■ Records for processing

★ ★ ★ ★

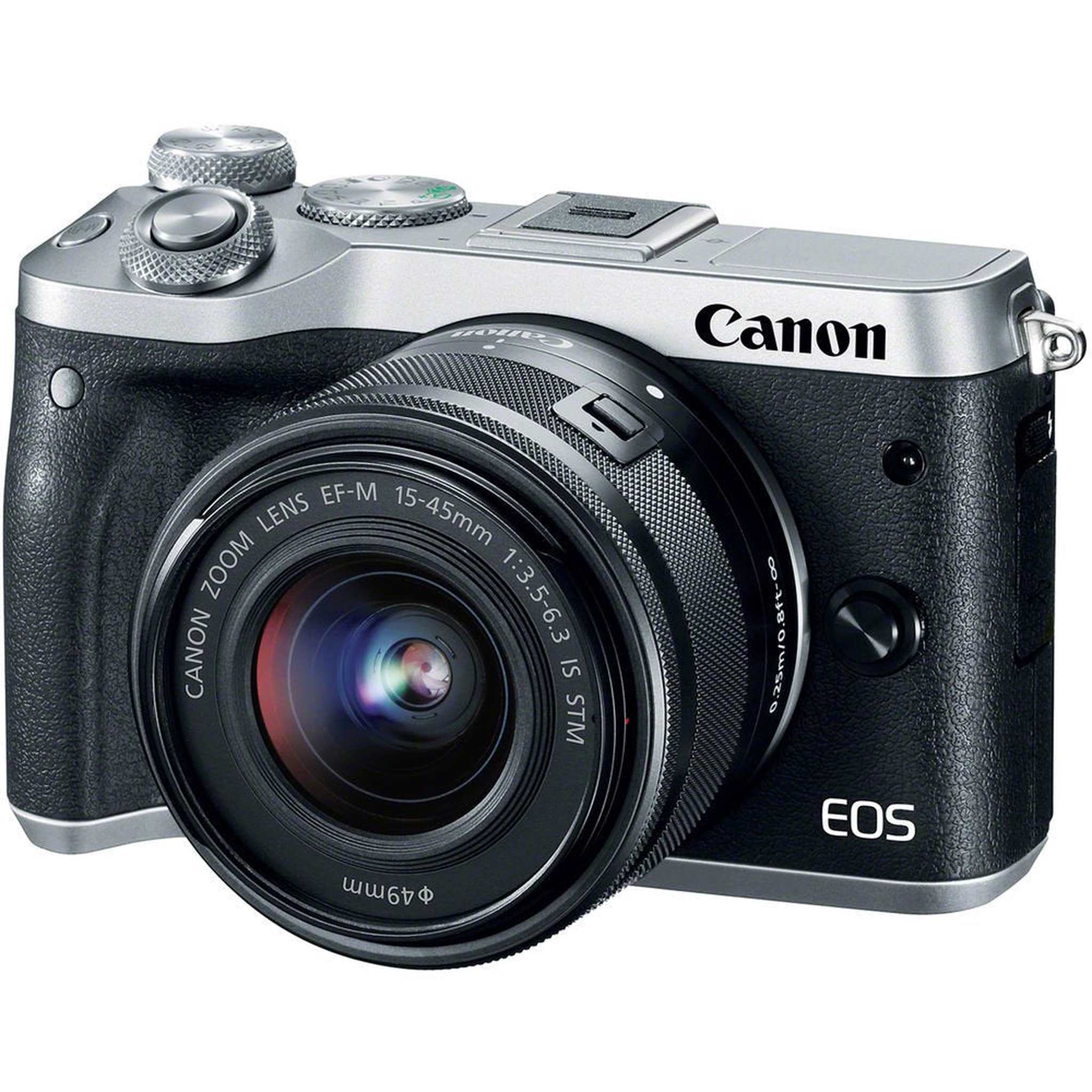Canon EOS M6 Mirrorless Digital Camera Silver with EF-M 15-45mm IS STM Lens + Flash + UV FLD CPL Filter Kit + Wide Ang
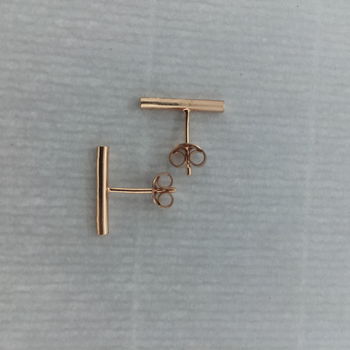 Rose Gold Textured T Bar Earrings, 3 of 3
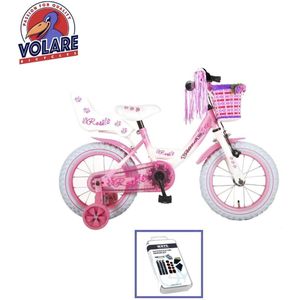 Volare Kinderfiets Rose - 14 inch - Roze/Wit - Inclusief WAYS Bandenplakset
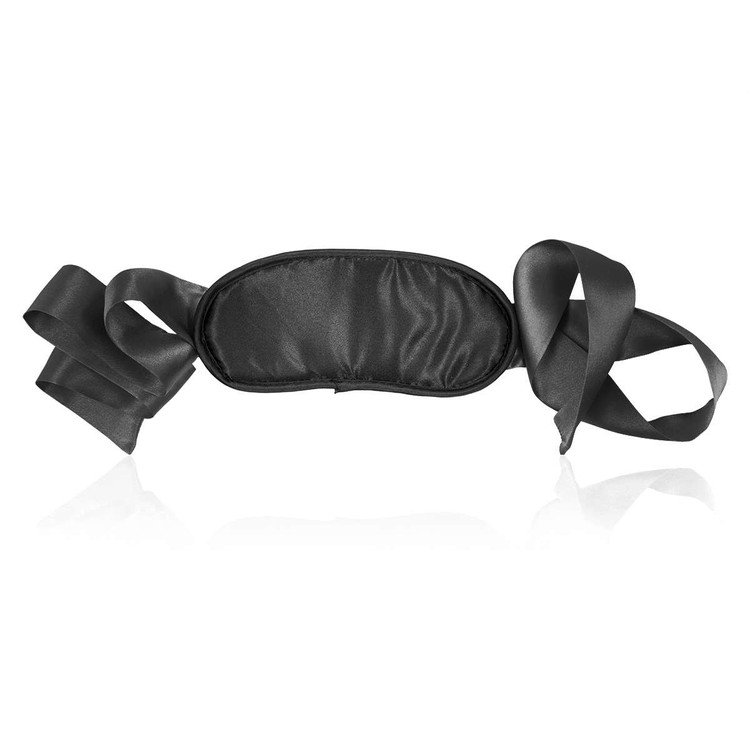 כיסוי עיניים עם קשירת סרט סטן שחור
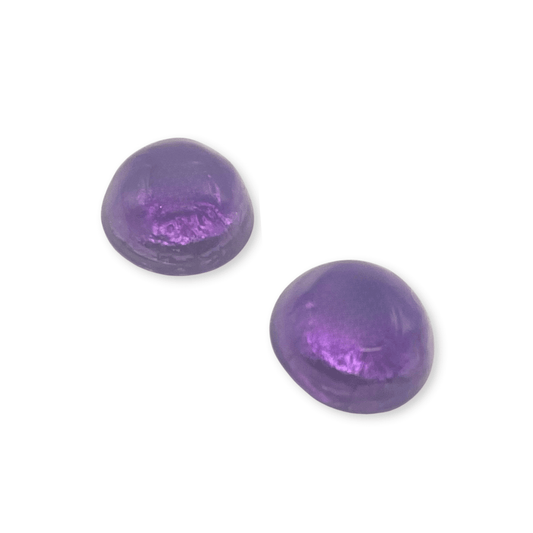 Aubergine Cabouchon Shiny Medium Stud Earrings | The Jewellery Stop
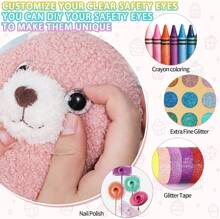 MUCUNNIA 100PCS 12mm Moon Safety Eyes For Crocheting With Washers Clear Safety Eyes For Amigurumi 3D Moon Crochet Eyes Doll Eyes For Animals Teddy Bear Crochet Toy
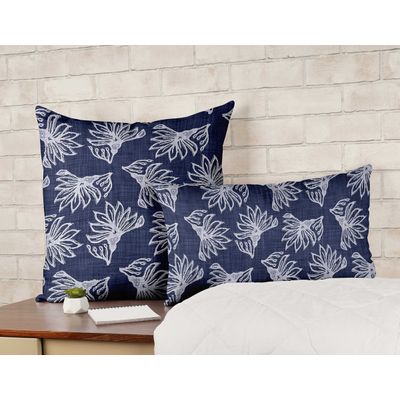 Capas de Almofada Decorativas Estampadas Tema Azul de Luxo - Vargottam 50,8 Cm × 50,8 Cm – Quadrado / Azul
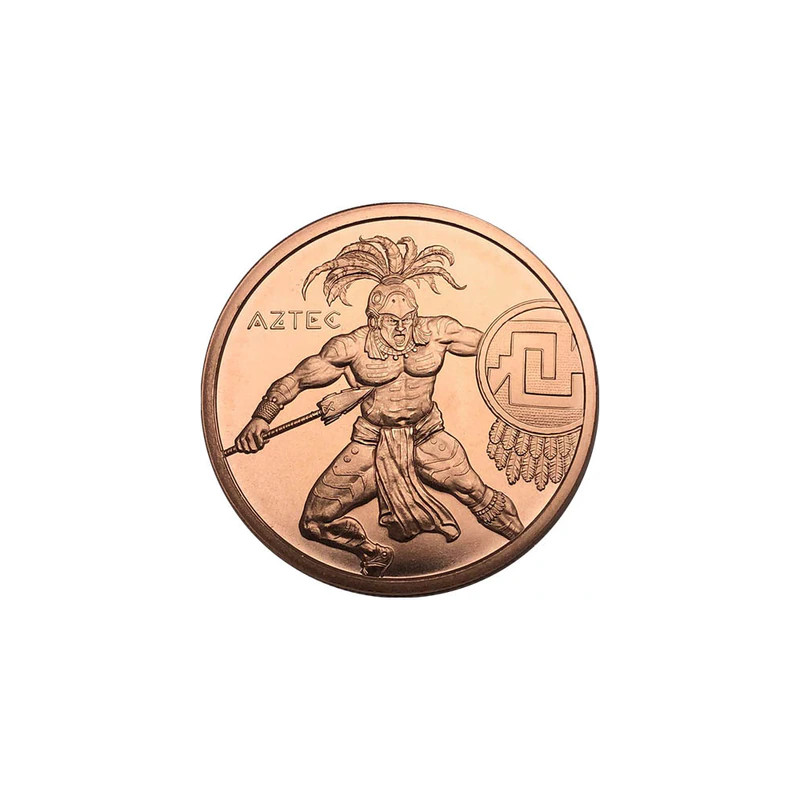 Aztekenkrieger-Kupfermedaille, 1 Unze - Rückseite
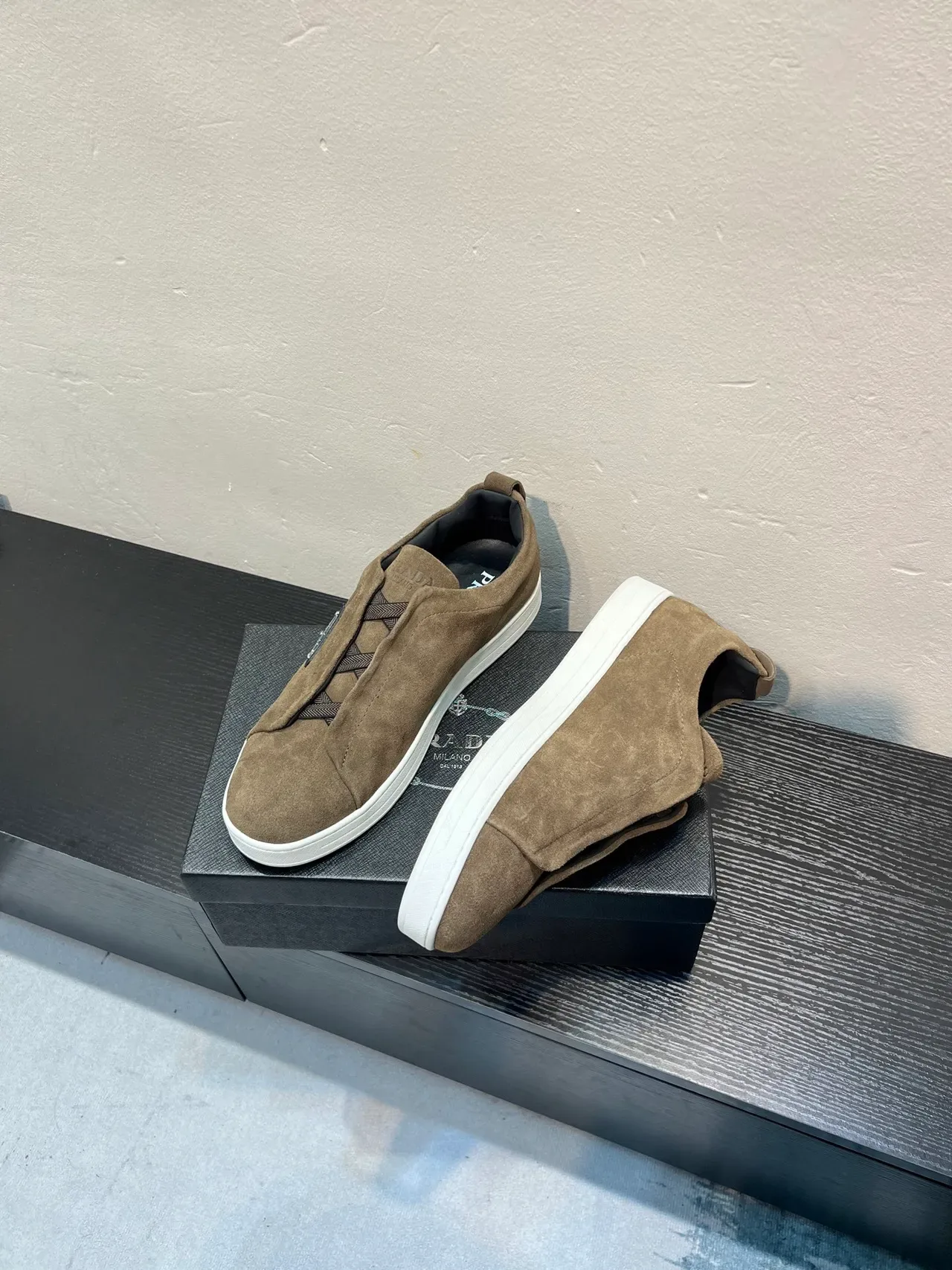 Prada Brown White Suede Upper Laceless Slip-On Lifestyle Sneakers 4
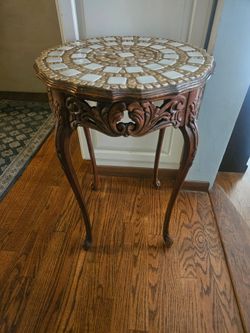 Vintage French mosaic tile table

★ ★ ★ ★

■ Exercise description
Write out all the data exactly, minus pictures.

■ Solution below
Canon EOS M6 Mirrorless Digital Camera Silver with EF-M 15-45mm IS STM Lens + Flash + UV FLD CPL Filter Kit + Wide Ang
 Rose Gold Textured T Bar Earrings, 3 of 3
 Volare Kinderfiets Rose - 14 inch - Roze/Wit - Inclusief WAYS Bandenplakset
 כיסוי עיניים עם קשירת סרט סטן שחור
 Aubergine Cabouchon Shiny Medium Stud Earrings | The Jewellery Stop
 MUCUNNIA 100PCS 12mm Moon Safety Eyes For Crocheting With Washers Clear Safety Eyes For Amigurumi 3D Moon Crochet Eyes Doll Eyes For Animals Teddy Bear Crochet Toy
 Capas de Almofada Decorativas Estampadas Tema Azul de Luxo - Vargottam 50,8 Cm × 50,8 Cm – Quadrado / Azul
 Aztekenkrieger-Kupfermedaille, 1 Unze - Rückseite
 Prada Brown White Suede Upper Laceless Slip-On Lifestyle Sneakers 4
 Vintage French mosaic tile table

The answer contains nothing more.